La mise en scène de Silvia Costa, qui explique avoir respecté, en y apportant une touche personnelle, les indications du compositeur, s’attache, dans une scénographie dominée par une belle création vidéo, à tous les composants de cette journée, en l’occurrence les sons, les mots, les couleurs, le chant, la parole, la musique. C’est que plusieurs disciplines se croisent. Il suffit pour s’en rendre compte de parcourir l’effectif, multidisciplinaire, malgré l’absence d’un orchestre en bonne et due forme, compte tenu de l’utilisation de l’informatique, en ce comprise la figuration des nombreux enfants. L’enfance, plus particulièrement l’enfantement, constitue, en effet, un des axes de Montag, et ce sont, en toute logique, sept jeunes personnes qui représentent, chacune dans une couleur différente, les jours de la semaine. Mais Eve ne représente pas uniquement la mère, la procréatrice, elle incarne aussi la séductrice, la dimension sensuelle de cette mise en scène demeurant toutefois ténue, quintessenciée même.
La représentation bénéficie d’une impeccable exécution musicale, sous la direction de Maxime Pascal, invisible durant toute la représentation. Se démarque plus particulièrement la prestation extraordinaire, de précision et d’expressivité, des trois joueuses de cor de basset et de la flûtiste, plus encore que celle des choristes, tant les souffleuses dominent par leur présence, en particulier Iris Zerdoud et Claire Luquiens.
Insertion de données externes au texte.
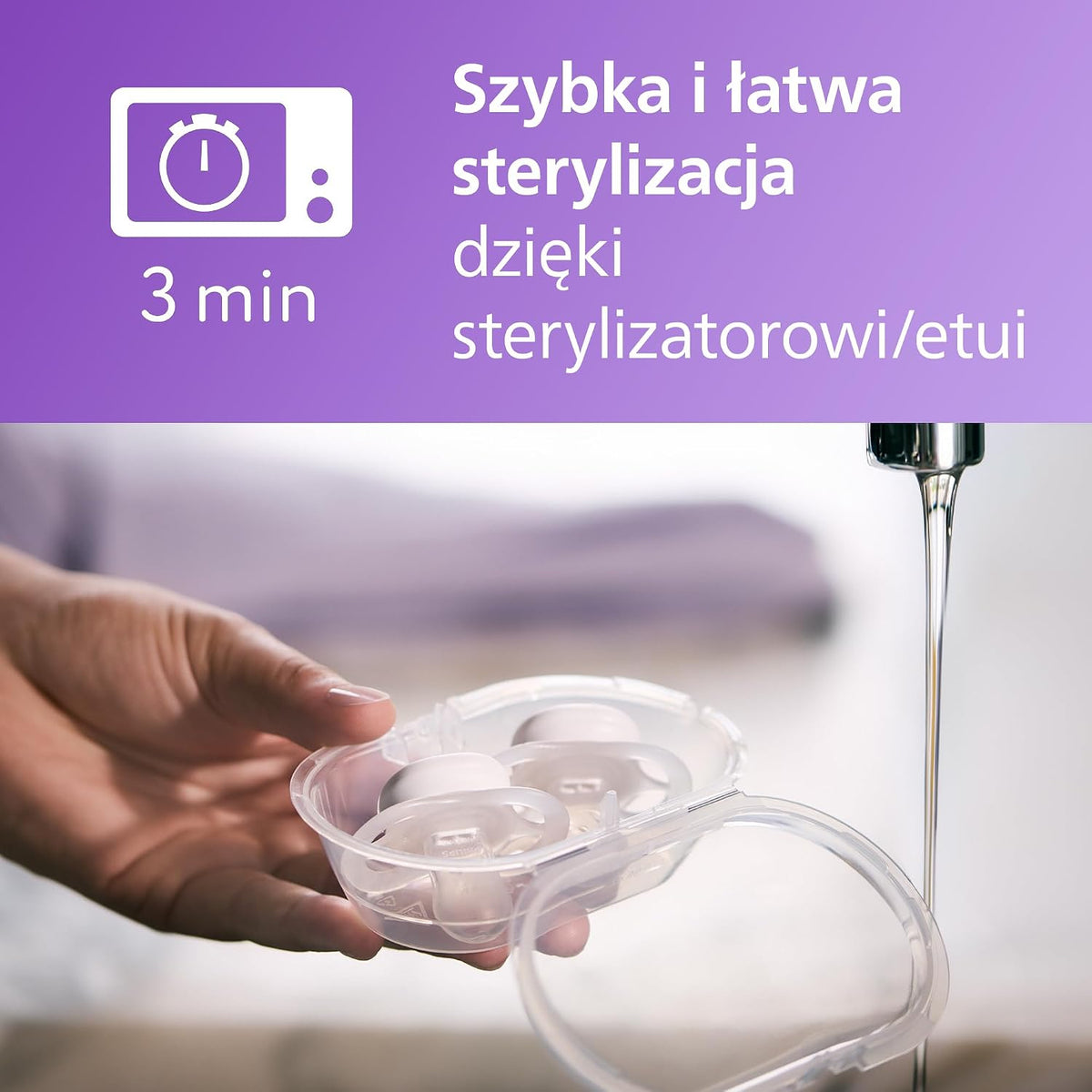 Philips Avent Ultra Start Night smoczki 0-2m x2 — zdjęcie 6
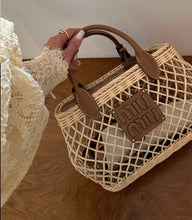 Load image into Gallery viewer, Sac de plage Miu Miu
N’oublions pas non plus de saluer la contribution capitale des claviéristes, placés dans une fosse quasiment vide. Cette expérience inhabituelle, déconcertante, totalement affranchie des conventions, n’évite pas les lenteurs et les longueurs. Elle paraît même, musicalement, et par moments, vraiment datée, et elle suscite, en fin de compte, plus d’intérêt, par son originalité et par sa signification, que de passion, malgré quelques passages envoûtants.